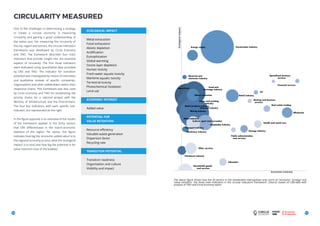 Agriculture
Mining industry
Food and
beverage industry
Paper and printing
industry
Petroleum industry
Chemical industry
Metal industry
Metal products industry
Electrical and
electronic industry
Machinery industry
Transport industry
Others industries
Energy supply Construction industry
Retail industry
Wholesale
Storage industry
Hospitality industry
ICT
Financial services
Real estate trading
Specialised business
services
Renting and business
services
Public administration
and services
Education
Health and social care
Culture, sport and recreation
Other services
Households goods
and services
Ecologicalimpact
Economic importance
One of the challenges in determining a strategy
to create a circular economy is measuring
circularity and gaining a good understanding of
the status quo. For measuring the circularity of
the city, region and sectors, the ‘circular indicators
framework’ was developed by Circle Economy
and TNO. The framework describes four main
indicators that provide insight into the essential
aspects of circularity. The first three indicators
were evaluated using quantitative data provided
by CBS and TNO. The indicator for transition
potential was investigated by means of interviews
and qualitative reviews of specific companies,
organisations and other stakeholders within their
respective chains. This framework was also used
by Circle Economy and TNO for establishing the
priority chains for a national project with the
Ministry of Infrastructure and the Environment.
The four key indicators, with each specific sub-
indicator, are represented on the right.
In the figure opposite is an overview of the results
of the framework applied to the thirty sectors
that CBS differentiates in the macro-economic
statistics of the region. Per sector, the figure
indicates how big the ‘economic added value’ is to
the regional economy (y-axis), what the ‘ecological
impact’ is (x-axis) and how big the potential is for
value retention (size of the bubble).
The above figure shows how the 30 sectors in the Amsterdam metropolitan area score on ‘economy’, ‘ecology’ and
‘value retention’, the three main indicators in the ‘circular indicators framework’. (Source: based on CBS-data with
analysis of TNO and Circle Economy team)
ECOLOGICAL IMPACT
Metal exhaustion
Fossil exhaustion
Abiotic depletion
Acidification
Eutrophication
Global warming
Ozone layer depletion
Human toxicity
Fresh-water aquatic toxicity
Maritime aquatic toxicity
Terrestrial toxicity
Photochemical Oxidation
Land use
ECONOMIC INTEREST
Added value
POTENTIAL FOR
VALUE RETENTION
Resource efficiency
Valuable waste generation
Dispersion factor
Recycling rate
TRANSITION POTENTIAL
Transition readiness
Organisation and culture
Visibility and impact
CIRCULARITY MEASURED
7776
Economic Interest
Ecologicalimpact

* * *

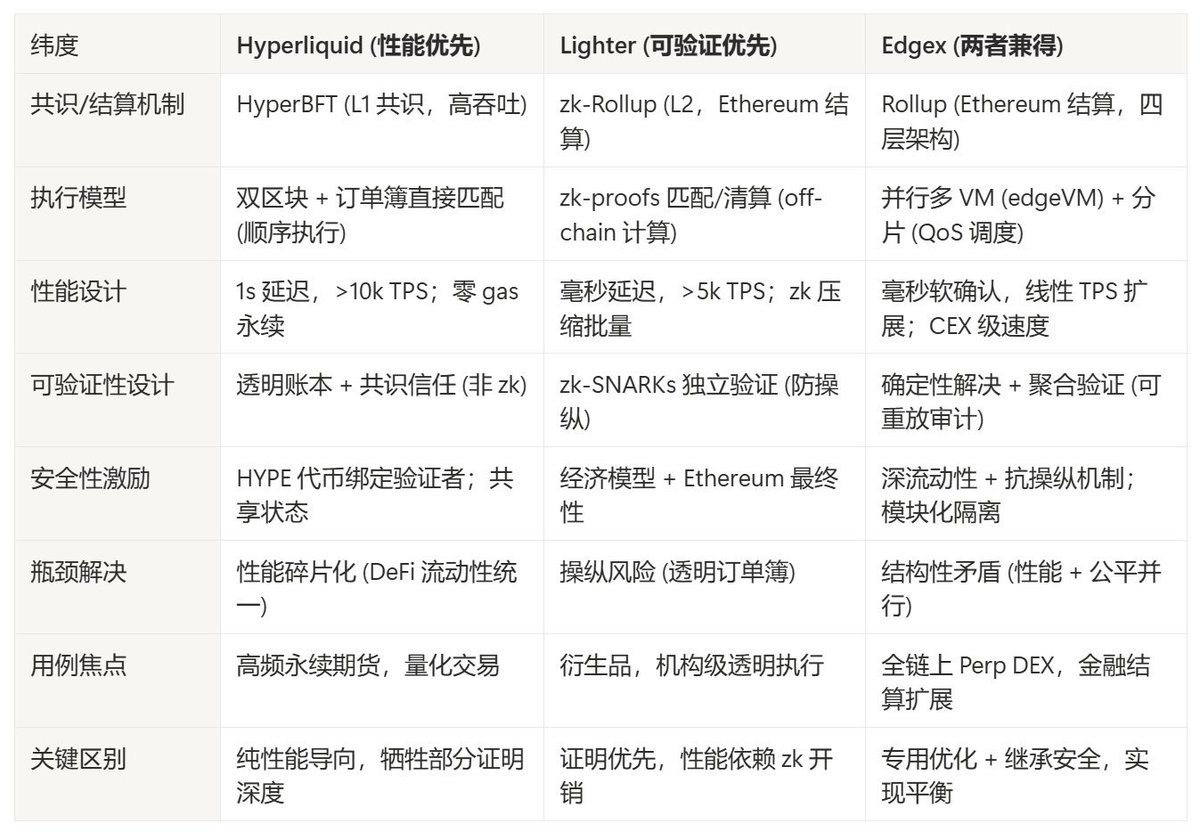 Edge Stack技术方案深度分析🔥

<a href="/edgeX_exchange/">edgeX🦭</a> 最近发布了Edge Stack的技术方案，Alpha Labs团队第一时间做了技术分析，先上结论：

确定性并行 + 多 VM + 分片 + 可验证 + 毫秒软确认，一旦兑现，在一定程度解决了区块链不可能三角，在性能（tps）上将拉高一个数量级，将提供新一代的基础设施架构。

#### THE PROBLEM:
The lines above, starting at the one with "organisations and other" and ending at the one with "that CBS differentiates in the macro-economic", are the only ones to return, exactly as written.

#### SOLUTION BELOW:
organisations and other stakeholders within their
respective chains. This framework was also used
by Circle Economy and TNO for establishing the
priority chains for a national project with the
Ministry of Infrastructure and the Environment.
The four key indicators, with each specific sub-
indicator, are represented on the right.
In the figure opposite is an overview of the results
of the framework applied to the thirty sectors
that CBS differentiates in the macro-economic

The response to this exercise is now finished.